╭─ Source records

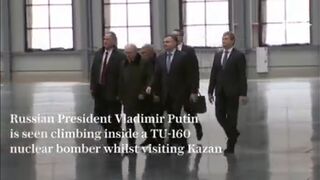 Putin climbs inside a TU-160 nuclear bomber
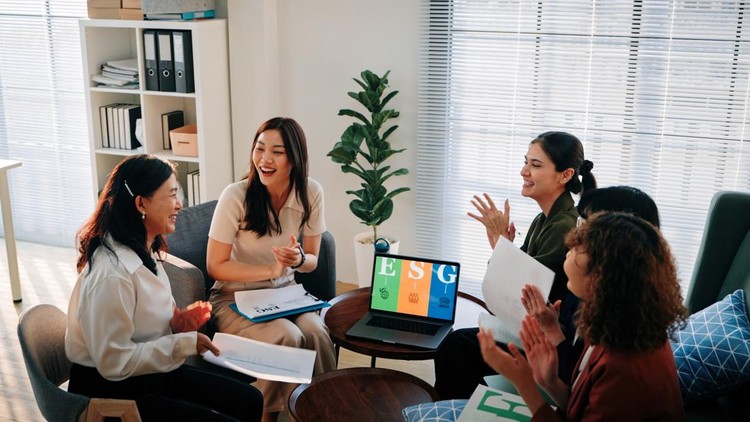 A group of professional women enthusiastically high-five in a bright modern office, celebrating a shared achievement during an ESG (Environmental, Social, Governance) meeting.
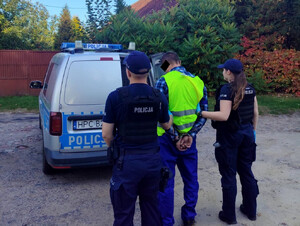 policjanci prowadzą zatrzymanego w stronę zaparkowanego radiowozu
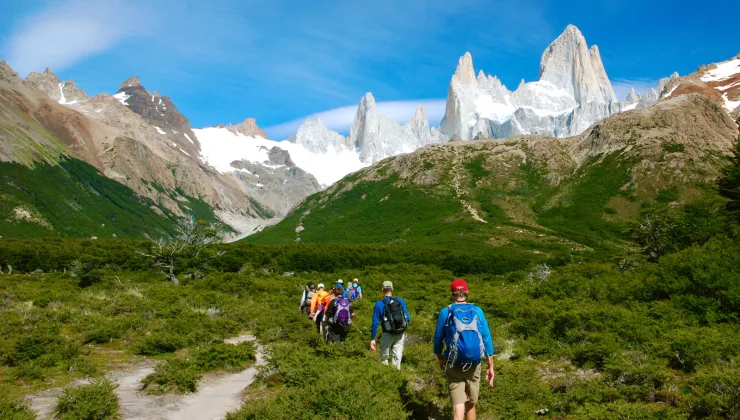 Group of people hiking on a grassy valley with snowy mountains in the distance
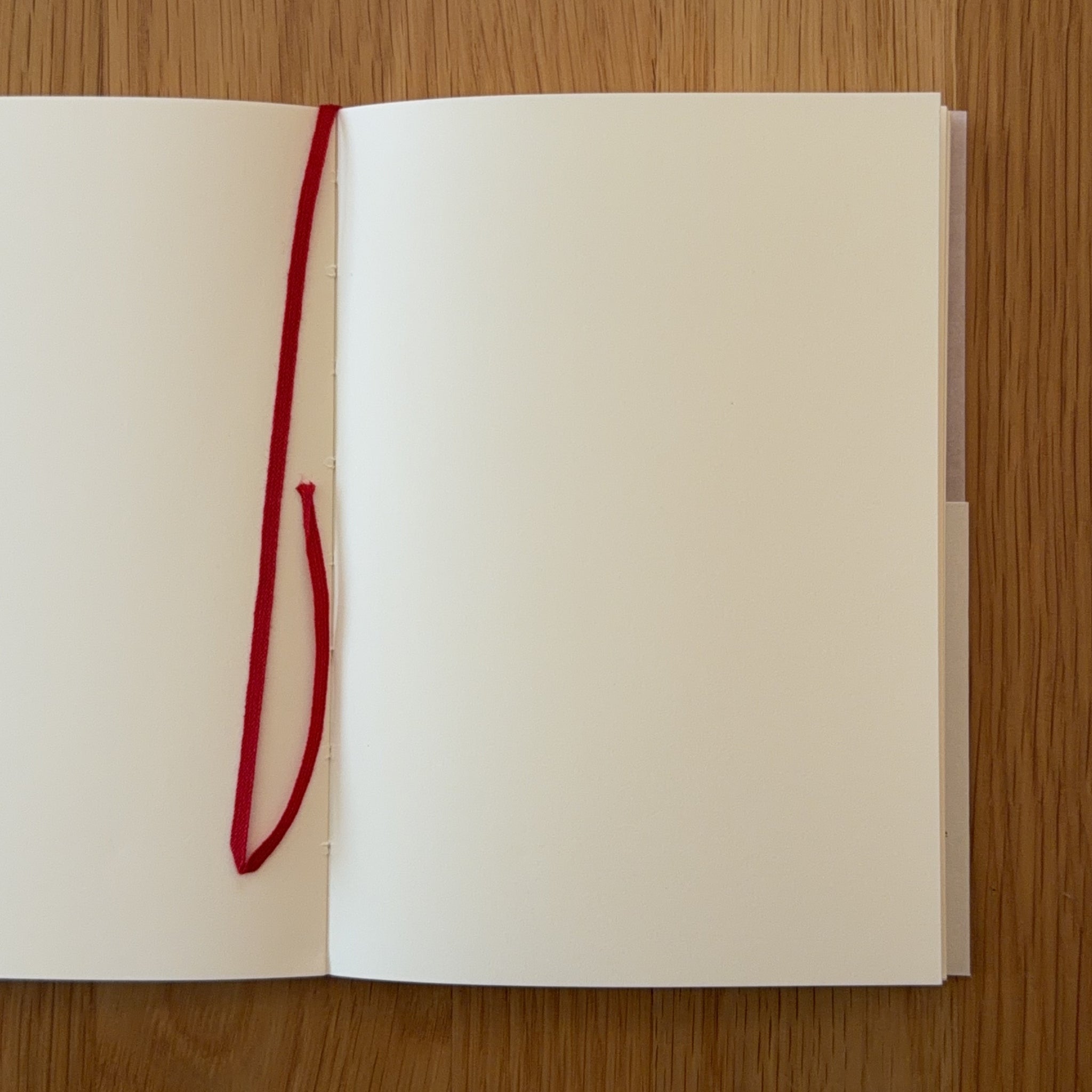 Midori MD Notebook A6 open to show the blank MD Paper and its bookmark string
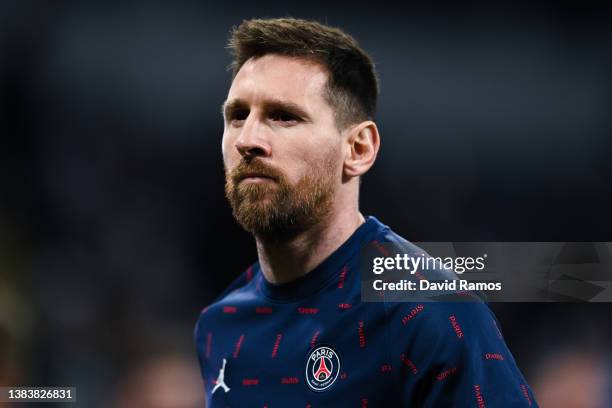 Lionel Messi of Paris Saint-Germain looks on during the warm up prior to the UEFA Champions League Round Of Sixteen Leg Two match between Real Madrid...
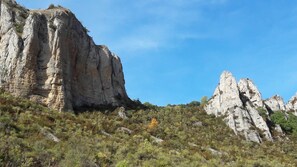 Un paisaje montañoso agreste con riscos escarpados y vegetación escasa.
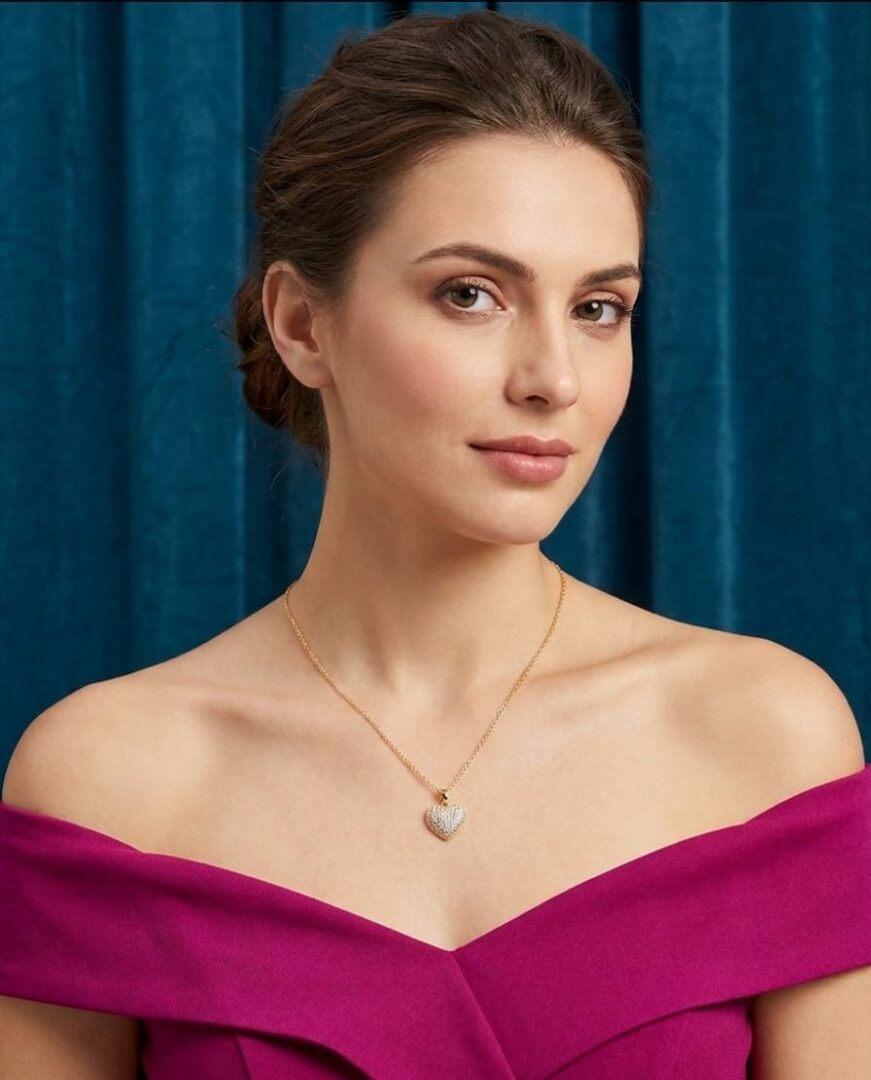 golden heart charm pandent from tedisha jewels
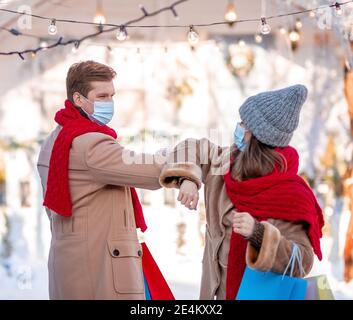 Man and woman in protective masks greeting on street Stock Photo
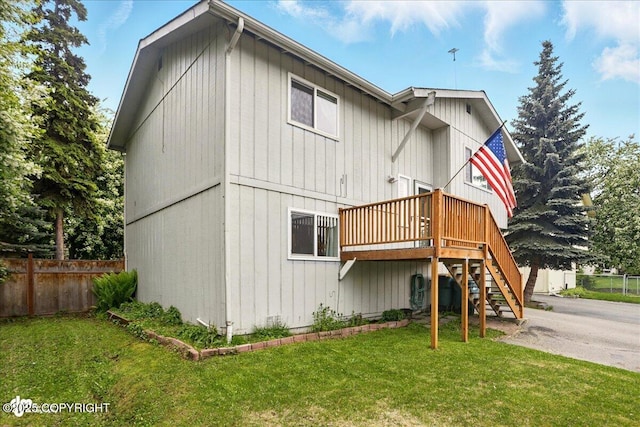 6911 Cheryl St, Anchorage, AK 99518 - rear view of property featuring stairway and a wooden deck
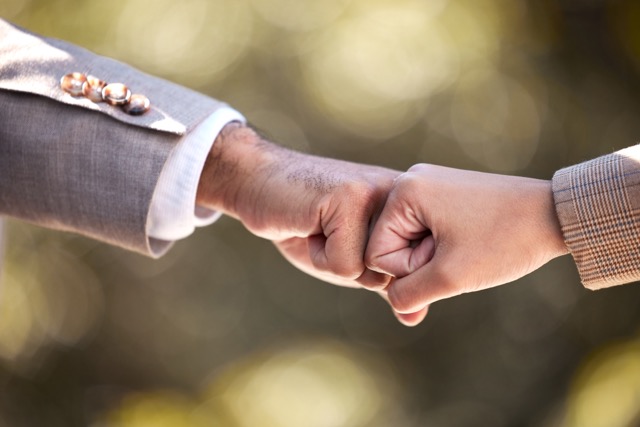 Two people giving each other a fist bump in the city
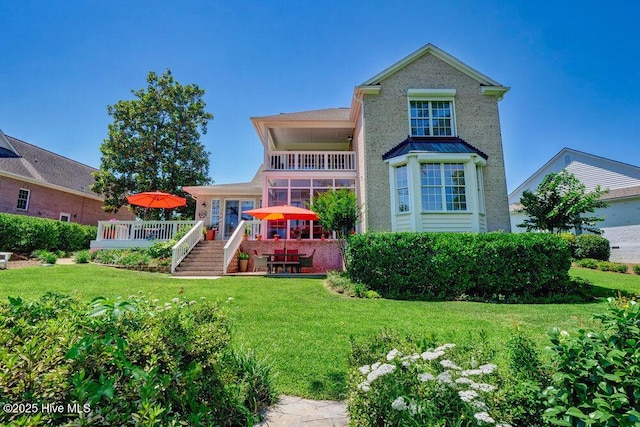 rear view of house with a lawn, a wooden deck, and a balcony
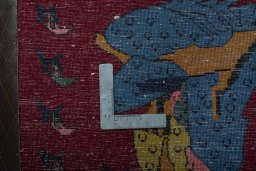 Backside of handmade 2000s Shiraz rug showing knot structure and weave density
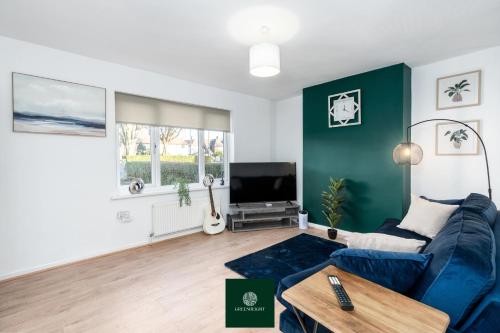 a living room with a blue couch and a tv at 3 Bed House with King Size bed near Uni and QMC in Nottingham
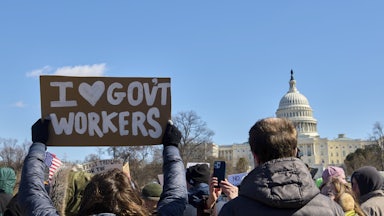 People participate in a protest against the Trump administration’s mass firing of government workers and civil servants in front of the Capitol building in Washington D.C. on Presidents’ Day, Feb. 17, 2025.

╰─

**Exercise requirements**
Please retype, exactly and only, the lines from the one holding "golden heart charm" to the end of the entries, both ends included, without any pictures.

**Answer section**
 golden heart charm pandent from tedisha jewels
 Man and woman in protective masks greeting on street Stock Photo
 6911 Cheryl St, Anchorage, AK 99518 - rear view of property featuring stairway and a wooden deck
 Two people giving each other a fist bump in the city
 rear view of house with a lawn, a wooden deck, and a balcony
 Backside of handmade 2000s Shiraz rug showing knot structure and weave density
 a living room with a blue couch and a tv at 3 Bed House with King Size bed near Uni and QMC in Nottingham
 People participate in a protest against the Trump administration’s mass firing of government workers and civil servants in front of the Capitol building in Washington D.C. on Presidents’ Day, Feb. 17, 2025.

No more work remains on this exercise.